Cortisol is particularly useful because it can be measured through saliva, blood, urine, or even hair samples. Hair cortisol is especially valuable for establishing long-term baselines, since it reflects stress hormone levels accumulated over weeks or months rather than a single moment. Studies have validated hair cortisol concentration as a reliable biomarker for chronic stress, making it possible to distinguish between someone’s typical hormonal state and an acute stress response. Research on burnout patients, for instance, has shown elevated heart rate and cortisol levels during the first hour after waking compared to healthy individuals, a finding that only becomes meaningful when you have a healthy baseline for comparison.
Why Baseline Comparisons Can Go Wrong
Baselines seem simple in concept, but they introduce real methodological pitfalls when used carelessly. One common mistake in clinical trials is comparing each group’s outcome against its own baseline separately, rather than comparing the groups directly against each other. This sounds reasonable but is statistically invalid. The actual error rate of this approach can climb as high as 50% for two groups and 75% for three, meaning there’s a coin-flip chance (or worse) of concluding a treatment works when it doesn’t.
The problem comes down to two forces that can mimic real improvement. First, natural changes over time: people often get better on their own, and a before-and-after comparison within one group can’t distinguish genuine treatment effects from spontaneous recovery. Second, regression toward the mean: people who score unusually high or low at baseline tend to score closer to average the next time, purely by chance. A group selected because they had severe symptoms at baseline will almost always look improved at follow-up, treatment or not. The correct approach in a randomized trial is to compare groups directly, adjusting for baseline differences using statistical methods, rather than running separate before-and-after tests within each group.

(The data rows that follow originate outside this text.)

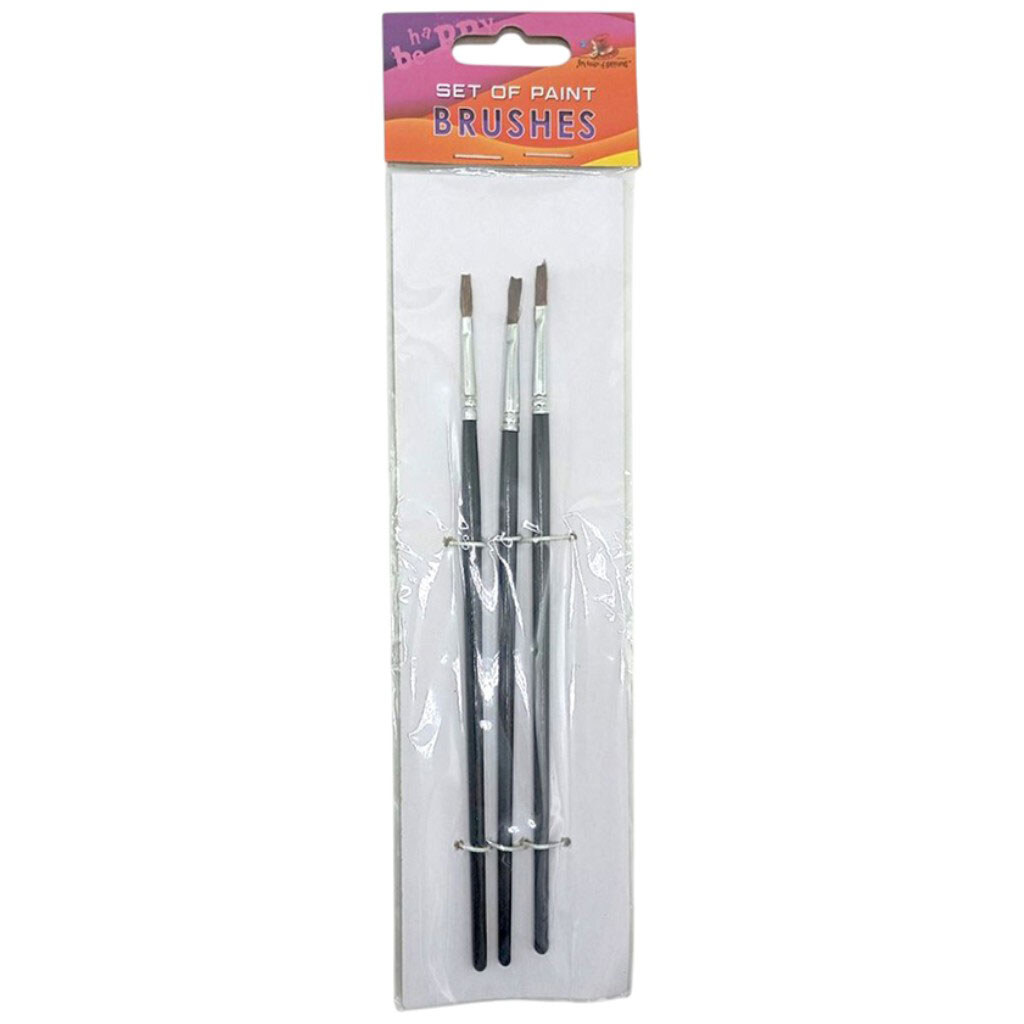 Набор кистей для рисования "Пони", размер 2, 4, 6, 3шт. в пакете, плоская головка, деревянная ручка, Art Studio Of Happiness - № 1 Набор кистей для рисования "Пони", размер 2, 4, 6, 3шт. в пакете, плоская головка, деревянная ручка, Art Studio Of Happiness - № 1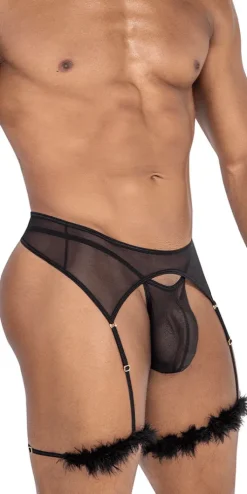 Candyman 99806 Mesh Garter Outfit Black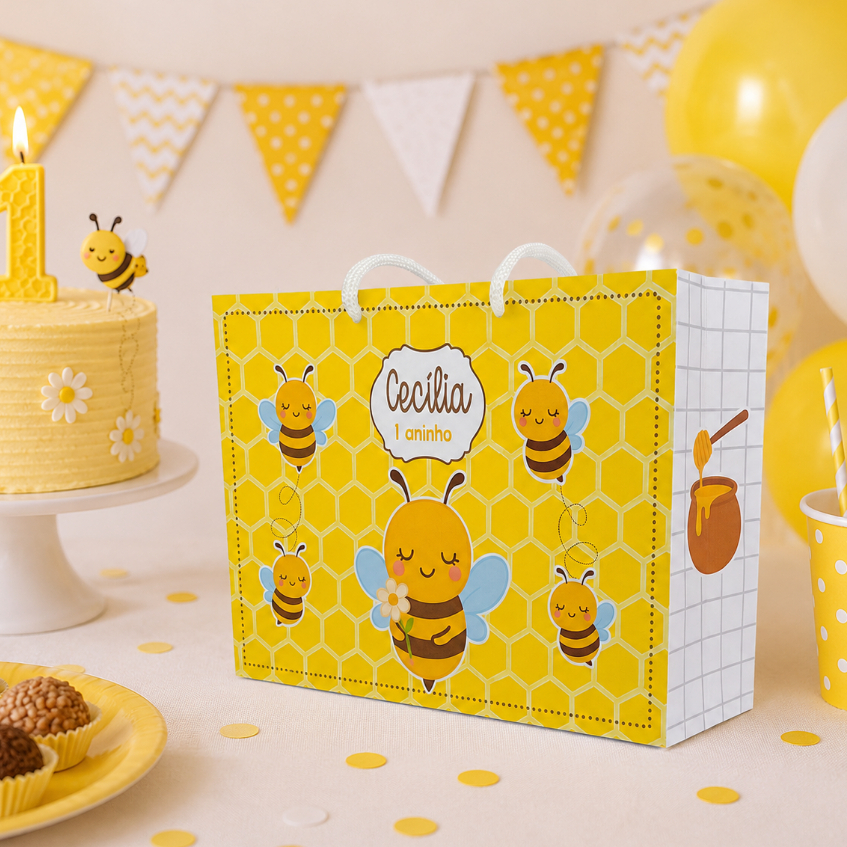 Kit Festa Sacolinha Personalizada Abelhinha | Lembrancinha de Aniversário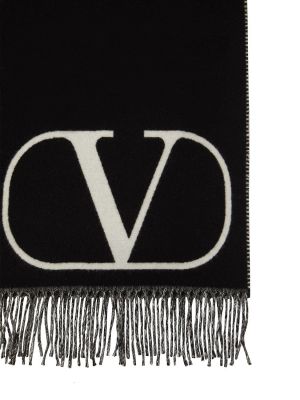 Kašmírový vlnený šál Valentino Garavani čierna
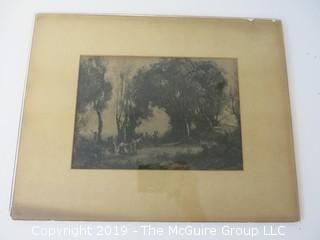 Landscape Etching; unsigned image size 6 x 9"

Baseline Drift in Long-Term Studies
In studies that track people over months or years, the baseline itself can shift in ways that complicate interpretation. This is sometimes called baseline drift. A person’s “normal” cognitive performance, emotional regulation, or stress response at age 10 isn’t the same as at age 14, simply because of development. Researchers studying early adolescence have found a common pattern: individuals who score low at baseline tend to show larger gains at follow-up, while those who start high tend to show smaller gains or even declines. This negative correlation between starting point and change isn’t necessarily a treatment effect. It may simply reflect the fact that people with lower initial scores have more room to improve.
To handle this, researchers use statistical models that separate genuine change from artifacts of the baseline measurement. Latent change score models, for example, estimate how much of the observed change is predicted by where someone started versus how much represents true developmental or treatment-related shifts. These techniques are especially important in developmental psychology, where the baseline is a moving target rather than a fixed reference point.